Professor Sir John Grimley Evans MA, DM, MD, FRCP, FFPH (1936 - 2018)
The investigation showed that one health effect of the relocation was an acceleration of ageing. An appointment as a lecturer at the London School of Hygiene and Tropical Medicine followed in 1970-1971. However, his interest in age related diseases had been ignited and was to absorb the rest of his professional career.

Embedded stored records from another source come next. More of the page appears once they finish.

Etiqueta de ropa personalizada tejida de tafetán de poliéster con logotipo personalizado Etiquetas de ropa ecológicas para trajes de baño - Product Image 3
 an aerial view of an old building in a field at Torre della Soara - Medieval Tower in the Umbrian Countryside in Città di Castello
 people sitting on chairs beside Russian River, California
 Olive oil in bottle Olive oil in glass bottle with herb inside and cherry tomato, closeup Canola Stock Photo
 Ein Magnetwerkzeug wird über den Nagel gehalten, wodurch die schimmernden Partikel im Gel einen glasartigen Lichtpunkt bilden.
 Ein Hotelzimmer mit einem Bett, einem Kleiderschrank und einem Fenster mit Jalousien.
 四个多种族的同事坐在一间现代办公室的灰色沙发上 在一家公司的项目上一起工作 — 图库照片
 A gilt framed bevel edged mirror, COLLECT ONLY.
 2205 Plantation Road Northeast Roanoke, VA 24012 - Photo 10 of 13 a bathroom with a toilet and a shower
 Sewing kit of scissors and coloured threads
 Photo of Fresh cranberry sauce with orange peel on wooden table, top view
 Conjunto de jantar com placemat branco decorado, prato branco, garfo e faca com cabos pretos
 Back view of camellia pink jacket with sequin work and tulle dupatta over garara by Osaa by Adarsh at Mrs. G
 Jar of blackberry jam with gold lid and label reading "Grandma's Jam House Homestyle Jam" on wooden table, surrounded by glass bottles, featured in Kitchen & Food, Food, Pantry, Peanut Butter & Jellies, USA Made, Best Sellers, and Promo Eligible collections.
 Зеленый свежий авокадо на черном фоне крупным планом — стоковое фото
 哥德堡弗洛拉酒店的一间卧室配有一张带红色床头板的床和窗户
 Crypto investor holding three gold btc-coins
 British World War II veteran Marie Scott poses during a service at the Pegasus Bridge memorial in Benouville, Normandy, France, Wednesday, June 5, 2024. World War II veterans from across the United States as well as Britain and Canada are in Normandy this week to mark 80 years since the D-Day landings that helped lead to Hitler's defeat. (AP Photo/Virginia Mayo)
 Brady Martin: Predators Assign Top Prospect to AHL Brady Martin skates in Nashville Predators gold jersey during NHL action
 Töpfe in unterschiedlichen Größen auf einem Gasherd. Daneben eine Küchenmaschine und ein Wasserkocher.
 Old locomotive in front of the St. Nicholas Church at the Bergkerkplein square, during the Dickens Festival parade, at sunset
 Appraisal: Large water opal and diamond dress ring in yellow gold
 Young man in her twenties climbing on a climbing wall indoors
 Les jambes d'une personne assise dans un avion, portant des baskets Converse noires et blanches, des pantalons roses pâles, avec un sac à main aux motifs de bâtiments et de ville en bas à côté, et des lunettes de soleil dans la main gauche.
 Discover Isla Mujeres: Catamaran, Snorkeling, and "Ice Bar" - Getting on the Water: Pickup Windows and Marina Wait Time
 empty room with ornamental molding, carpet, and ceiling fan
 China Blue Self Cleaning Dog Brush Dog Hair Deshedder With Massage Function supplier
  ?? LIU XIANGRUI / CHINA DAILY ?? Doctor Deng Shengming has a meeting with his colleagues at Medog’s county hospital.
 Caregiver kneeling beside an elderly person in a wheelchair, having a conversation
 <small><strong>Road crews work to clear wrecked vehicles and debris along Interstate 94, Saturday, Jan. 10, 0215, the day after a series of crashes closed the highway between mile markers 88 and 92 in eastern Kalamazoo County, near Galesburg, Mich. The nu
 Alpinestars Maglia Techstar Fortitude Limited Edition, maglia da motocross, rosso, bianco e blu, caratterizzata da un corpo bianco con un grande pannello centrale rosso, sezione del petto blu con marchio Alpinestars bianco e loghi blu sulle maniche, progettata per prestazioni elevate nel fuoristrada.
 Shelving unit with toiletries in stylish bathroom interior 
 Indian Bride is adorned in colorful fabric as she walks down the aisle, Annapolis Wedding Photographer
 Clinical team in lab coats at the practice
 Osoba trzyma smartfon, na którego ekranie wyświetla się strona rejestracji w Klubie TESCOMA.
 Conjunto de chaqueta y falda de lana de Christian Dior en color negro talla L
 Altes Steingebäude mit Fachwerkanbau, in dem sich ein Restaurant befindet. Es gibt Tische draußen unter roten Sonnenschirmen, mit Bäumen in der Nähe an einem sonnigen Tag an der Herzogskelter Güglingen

In 1971 he was ‘head hunted’ to set up a modern comprehensive geriatric service at Newcastle, where he became a leading proponent of the integration of general and geriatric medicine, a view then at variance with the opinions of many geriatricians. Three years later he was appointed to the new Chair in Geriatric Medicine at Newcastle University. He introduced a teaching course that successfully attracted clinicians into a career in geriatric medicine. In 1977, he hosted the British Geriatrics Society (BGS) Spring meeting at Newcastle.
In 1985 he was appointed to a new Chair of Geriatric Medicine (later restyled Clinical Geratology) in Oxford and remained there until he retired in 2002. He relentlessly campaigned to publicise the needs of older people and of geriatric medicine by establishing strong links with the Department of Health, the Medical Research Council and the Royal College of Physicians (RCP). He was a member of the WHO Expert Panel on Care of the Elderly for many years.
He was very active in the RCP and was Pro-censor and Censor 1990-92. He chaired the Examining Board for the Diploma of Geriatric Medicine, was Chairman of the Specialist Advisory Committee on Geriatric Medicine 1979-1986 and a member of other College committees. On one occasion, he commented that the presentation of his committee’s report to the RCP Council resulted in ‘blood on the carpet’. In 1997, he gave the RCP Harveian oration.
He was committed to the BGS and firmly supported the Society remaining within the Royal College of Physicians at a time when the Society was considering becoming a separate College. He gave the Marjory Warren lecture and received the Founder’s medal both in 1999.
He lectured and published extensively including two editions of the Oxford Textbook of Geriatric Medicine, and other specialty publications. He was editor of Age and Ageing between 1988 and 1995, was a founder of the European Academy of Medicine of Age, which organises advanced postgraduate courses in geriatric medicine, and was an Emeritus Professor of Green Templeton College, Oxford. He was knighted in 1997 and the following year was appointed a fellow of the Academy of Medical Sciences. In 2000, he led a team, which was to decide whether General Pinochet was mentally and physically fit enough to be extradited to Spain to stand trial on torture charges. This proved to be a very unpleasant period because he was subject to considerable vitriolic abuse and much unwelcome press attention. In lighter moments, he enjoyed Douglas Adams The Hitchhiker’s Guide to the Galaxy while continuing to relish fly fishing. He died suddenly on March 26th aged 81.